*TASK GOAL*
Every line in the listing below from the one with "Radio Brionvega TS522CR" through the one with "YAŞAMKENT WEST PARK TA 4+1 KİRALIK DAİRE" is to be reproduced exactly, both ends included; leave out the rest.

*** DATA Section Begins ***

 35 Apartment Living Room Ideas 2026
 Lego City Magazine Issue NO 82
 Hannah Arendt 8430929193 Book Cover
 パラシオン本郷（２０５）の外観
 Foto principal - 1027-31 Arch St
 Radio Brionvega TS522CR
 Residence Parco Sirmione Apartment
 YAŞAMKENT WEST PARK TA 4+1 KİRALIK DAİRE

*** DATA Section Ends ***
*** DATA Section Begins ***

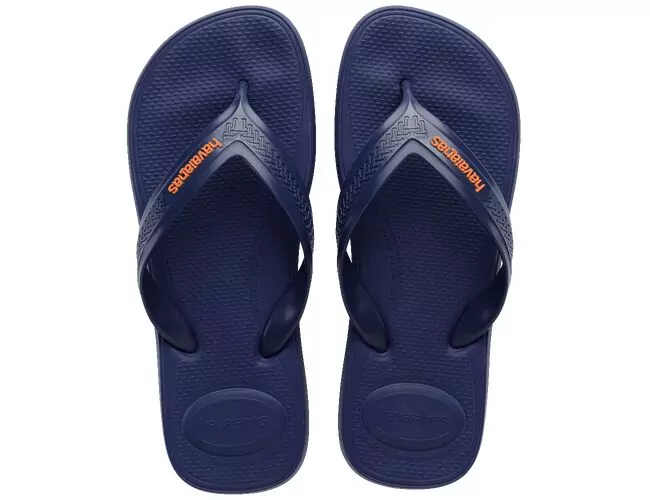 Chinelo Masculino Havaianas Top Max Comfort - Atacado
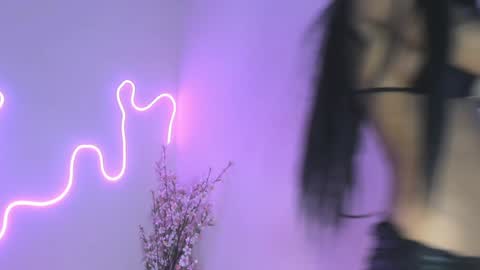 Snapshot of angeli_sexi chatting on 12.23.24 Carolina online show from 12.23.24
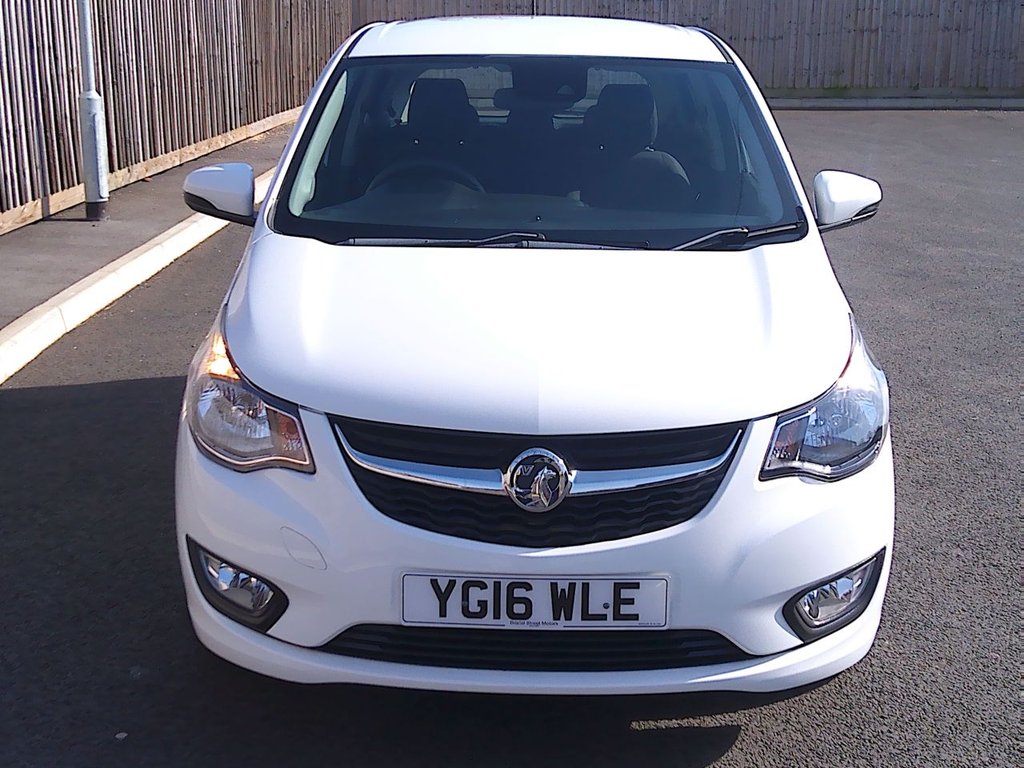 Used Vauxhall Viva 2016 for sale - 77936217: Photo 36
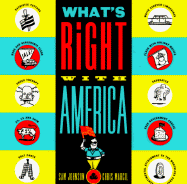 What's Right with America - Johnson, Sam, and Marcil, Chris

*** DATA Section Ends ***

*REPLY*
 Radio Brionvega TS522CR
 Residence Parco Sirmione Apartment
 YAŞAMKENT WEST PARK TA 4+1 KİRALIK DAİRE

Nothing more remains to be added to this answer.